• Task to complete:
Copy every record below exactly, leaving out any pictures.

• Excerpted data:
----------
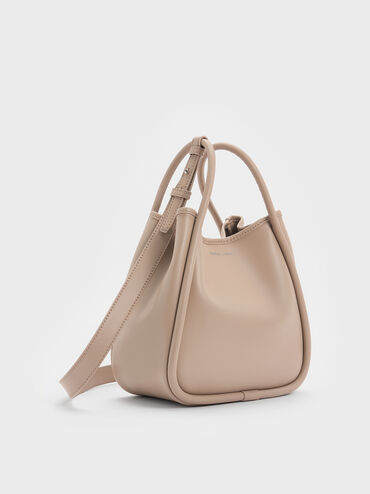 Mini Lyla Tubular Tote Bag, Gris pardo, hi-res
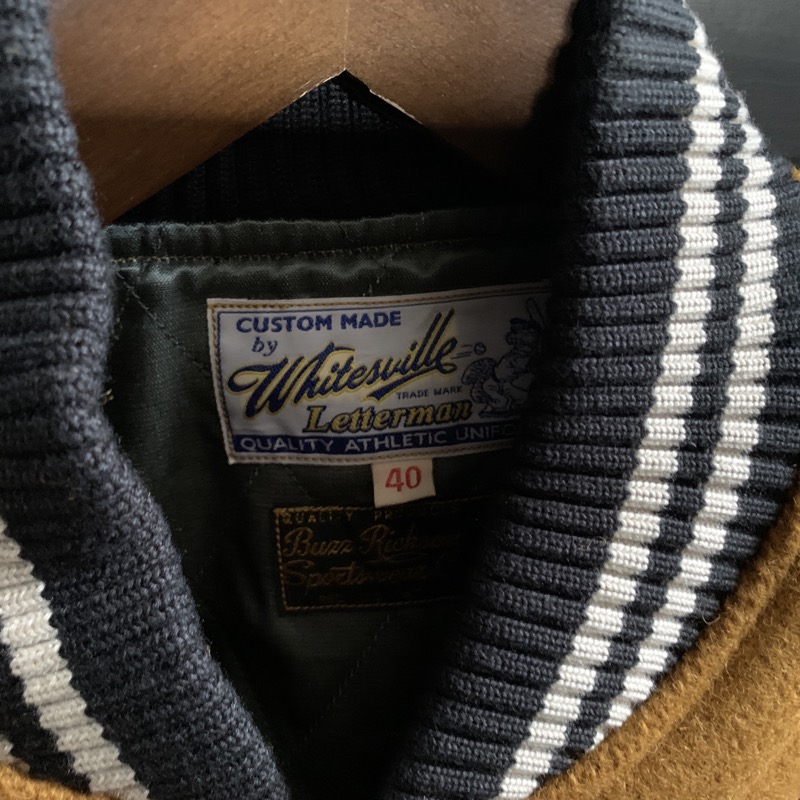 Whitesville (ホワイツビル) PEANUTS 30oz. WOOL MELTON AWARD JACKET (GOLD) WV15444 袖革 スタジャン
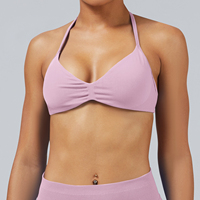 Set Yoga Olahraga Wanita Berkualitas Tinggi 2-Potong Bahan Nylon Spandex Solid Bernapas, Legging dan Bra Grosir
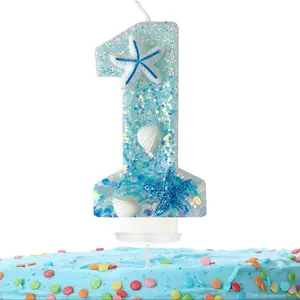 1pc Ocean Beach Starfish Theme Creative 0-9 Birthday Candles Cake Decoration Atmospheric Birthday Baking Plugin, Suitable For Wedding Anniversary Party Children Adult Celebration Supplies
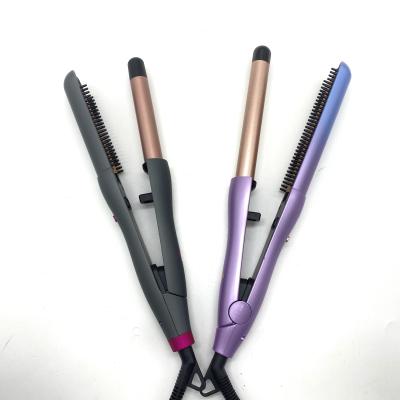 China Iron 9mm Rubber Tourmaline Curling Iron 9mm Fast Warm Up Ceramic Hair Straightener Feel 3in1Hair-Anti Scald Hair Curler For Straightening And Curling, 5Temp Setting for sale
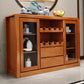 Modern Sideboard Buffet Glass Doors Buffet Table with 2-Drawer and 2-Door,17" W X 35" H Brown Clearhalo 'buffet_sideboard' 'Buffets & Sideboards' 'furn' 'furn_buffet_sideboard' 'Furniture' 'Kitchen & Dining Furniture' 6087766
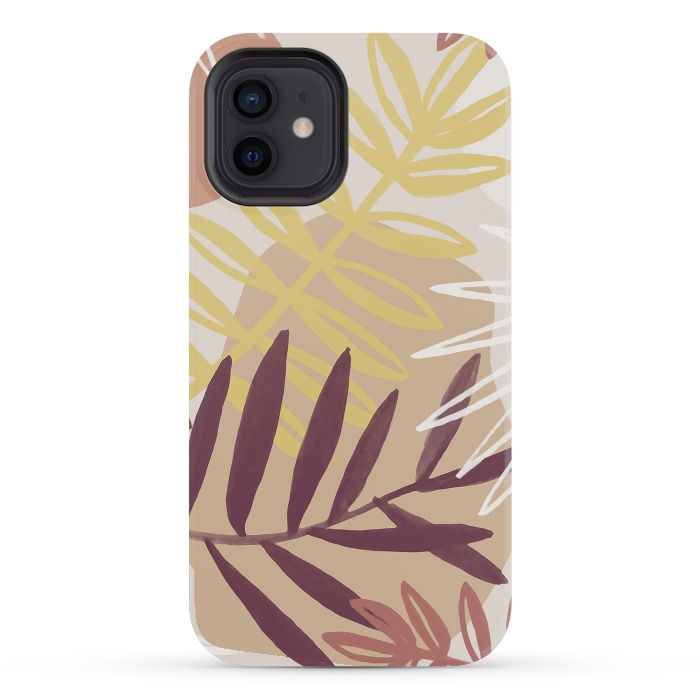 iPhone 12 mini StrongFit Minimal brown tropical leaves by Oana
----------
• Task solution:
 Mini Lyla Tubular Tote Bag, Gris pardo, hi-res
 Whitesville (ホワイツビル) PEANUTS 30oz. WOOL MELTON AWARD JACKET (GOLD) WV15444 袖革 スタジャン
 Set Yoga Olahraga Wanita Berkualitas Tinggi 2-Potong Bahan Nylon Spandex Solid Bernapas, Legging dan Bra Grosir
 1pc Ocean Beach Starfish Theme Creative 0-9 Birthday Candles Cake Decoration Atmospheric Birthday Baking Plugin, Suitable For Wedding Anniversary Party Children Adult Celebration Supplies
 China Iron 9mm Rubber Tourmaline Curling Iron 9mm Fast Warm Up Ceramic Hair Straightener Feel 3in1Hair-Anti Scald Hair Curler For Straightening And Curling, 5Temp Setting for sale
 Modern Sideboard Buffet Glass Doors Buffet Table with 2-Drawer and 2-Door,17" W X 35" H Brown Clearhalo 'buffet_sideboard' 'Buffets & Sideboards' 'furn' 'furn_buffet_sideboard' 'Furniture' 'Kitchen & Dining Furniture' 6087766
 iPhone 12 mini StrongFit Minimal brown tropical leaves by Oana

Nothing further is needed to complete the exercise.